Effective handling and treatment of the mixture, which contains a combination of formation and condensed water, plus any number of potent chemicals including benzene, toluene and ethylbenzene, is widely viewed as a linchpin service on which the fortunes of the shale “revolution” turn. Water quality is crucial to economic recovery of trapped gas. Although the ideal blend depends on reservoir conditions, too many contaminants can potentially foul equipment.
Regulatory agencies and independent watchdogs across North America, including the U.S. EPA and Alberta’s ERCB, are still grappling with oversight of the emerging shale gas sector. The lag makes it difficult for companies that specialize in water treatment technology to develop products tailored to meet environmental protocols that continue to evolve. “The economic drivers are so different in each basin,” Slough says. The closest his firm – a specialist in water treatment technology that counts oil sands operators MEG Energy Corp., Cenovus Energy Inc. and Suncor Energy Inc. among its clients – has got to some of the larger frac jobs to date is as a wastewater service provider for a work camp run by Encana Corp. in the remote Horn River basin.
Treating the fracture flow-back water remains a tenuous market opportunity in part because regulatory policies differ from one basin to the next. Licensing disposal wells in Texas around the Eagle Ford shale is “a virtual no-brainer” because it’s so cheap, Slough notes. In the U.S. northeast, though, operators are compelled to haul the flow-back water for disposal, and freshwater is still the main lubricant for frac jobs.
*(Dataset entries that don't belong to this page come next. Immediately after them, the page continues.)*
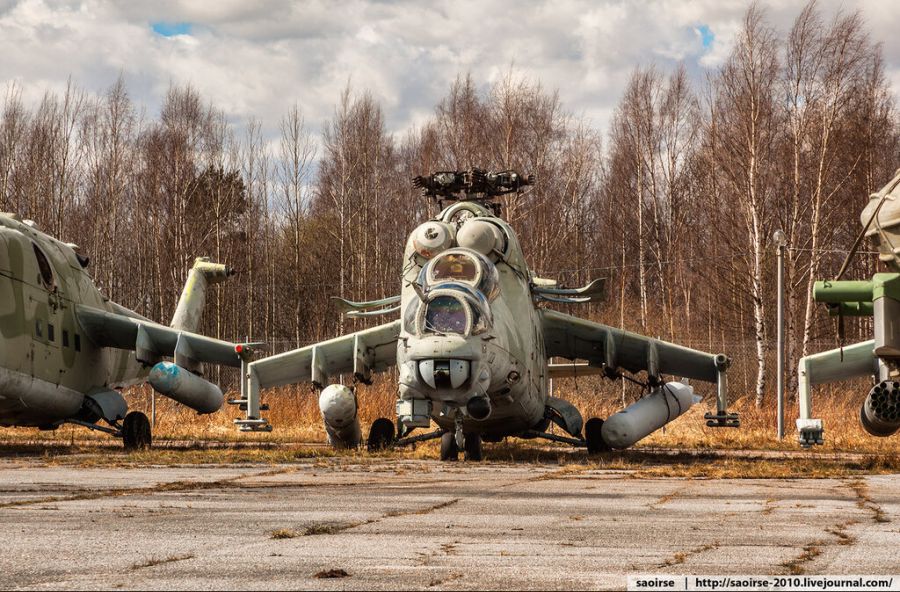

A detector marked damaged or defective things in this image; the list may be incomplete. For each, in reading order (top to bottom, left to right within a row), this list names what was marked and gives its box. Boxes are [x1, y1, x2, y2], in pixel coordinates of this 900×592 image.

cracked concrete tarmac [1, 458, 900, 588]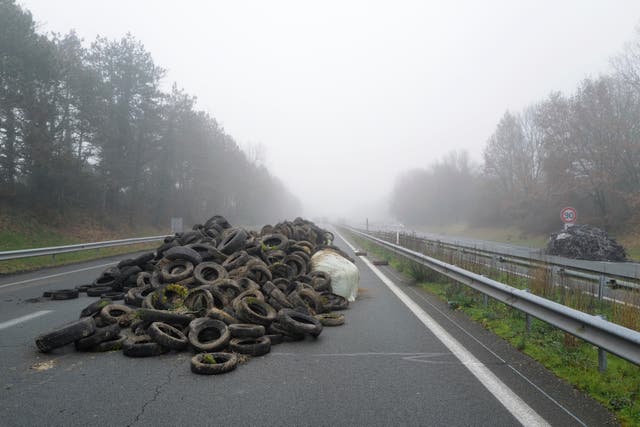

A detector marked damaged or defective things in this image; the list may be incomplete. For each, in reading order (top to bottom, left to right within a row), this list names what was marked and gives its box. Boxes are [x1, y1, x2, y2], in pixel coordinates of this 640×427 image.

road surface crack [127, 362, 179, 427]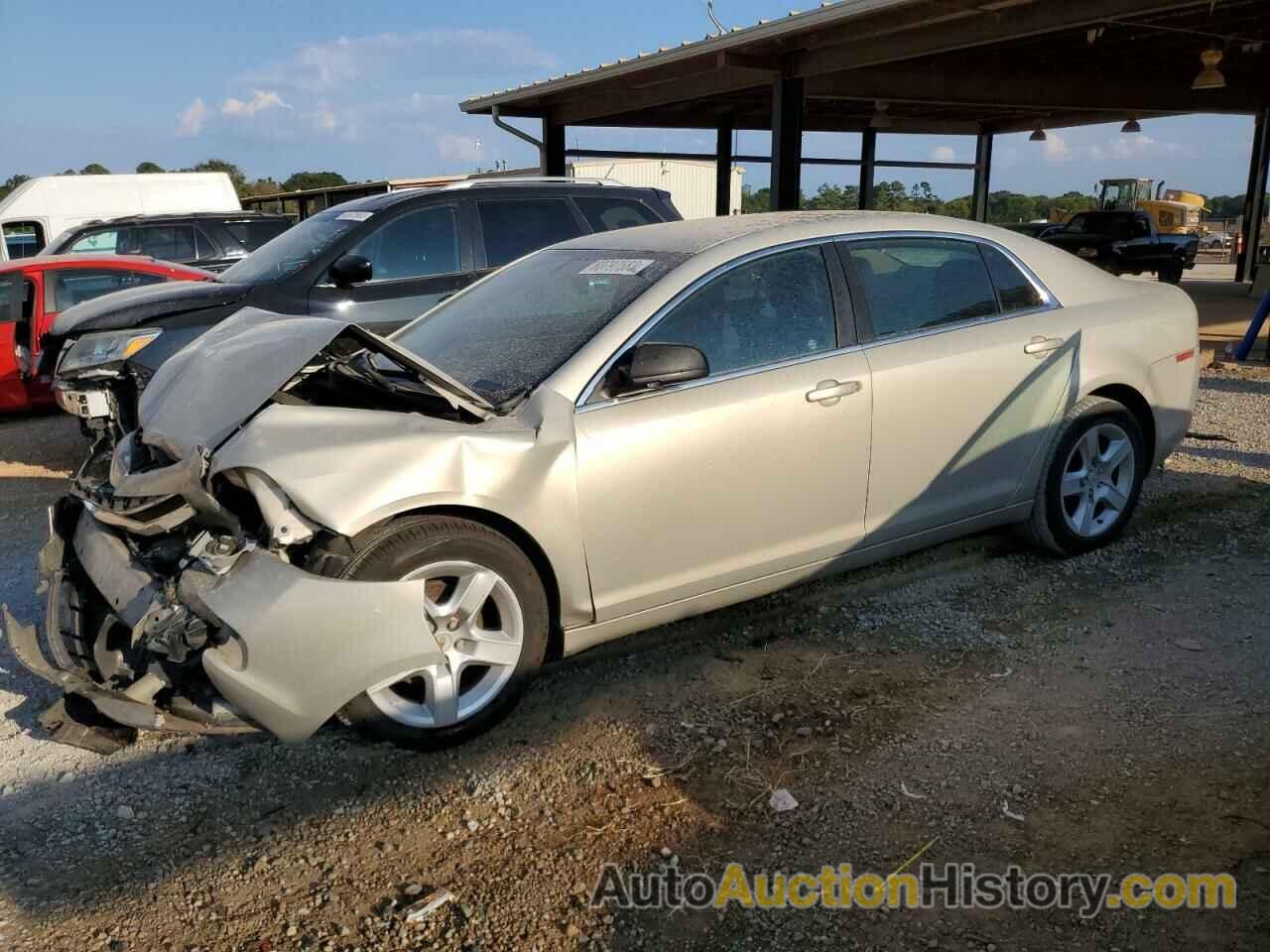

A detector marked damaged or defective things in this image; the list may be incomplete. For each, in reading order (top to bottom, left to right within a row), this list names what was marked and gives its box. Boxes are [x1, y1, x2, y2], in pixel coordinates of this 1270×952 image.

crushed hood [51, 279, 247, 334]
crushed hood [136, 306, 492, 459]
damaged silver sedan [2, 214, 1199, 751]
broken front bumper [7, 502, 446, 751]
That in turn limits the market for treatment technology geared to process the contaminated volumes for reuse. (Regulations in B.C. favor underground disposal of wastewater).
Slough foresees business opportunities emerging in the market as policy-makers in different jurisdictions clarify disposal and treatment standards. “As the regulatory framework gets more sophisticated in dealing with the shale gas produced water, then yes, we see that there’s going to be great opportunities to really pursue that market that aren’t there now, because there’s too much uncertainty as to what needs to happen,” he says.
The oil sands, meanwhile, continue to provide an avenue for growth, mainly because water standards are more clearly defined, says FilterBoxx chief operating officer William Jones. Compared to shale gas projects characterized by unique reservoir conditions where companies use proprietary recipes for chemical cocktails in well completions, operators running steam-assisted gravity drainage projects in northern Alberta “actually know what they need from a quality standpoint,” he says.
Beyond bitumen, the multi-stage hydraulic fracturing and enhanced oil recovery extraction techniques that are giving old reservoirs forsaken as marginal assets a second lease on life represent another area where advanced water treatment technology is poised to play a significant role. FilterBoxx remains a private company. Revenues topped $40 million in 2010, a year that saw the firm partner with global technology provider General Electric as well as Culligan Matrix Solutions to bring potable water to work crews across North America, including in the oil sands. “Produced water isn’t a homogenous quantity,” Slough notes. Neither is handling the stuff a new requirement. “What’s changing a bit is there’s more focus on what you’re going to do with that water,” he adds. “Where we see an opportunity is where the treatment of the produced water becomes a little bit more complex.”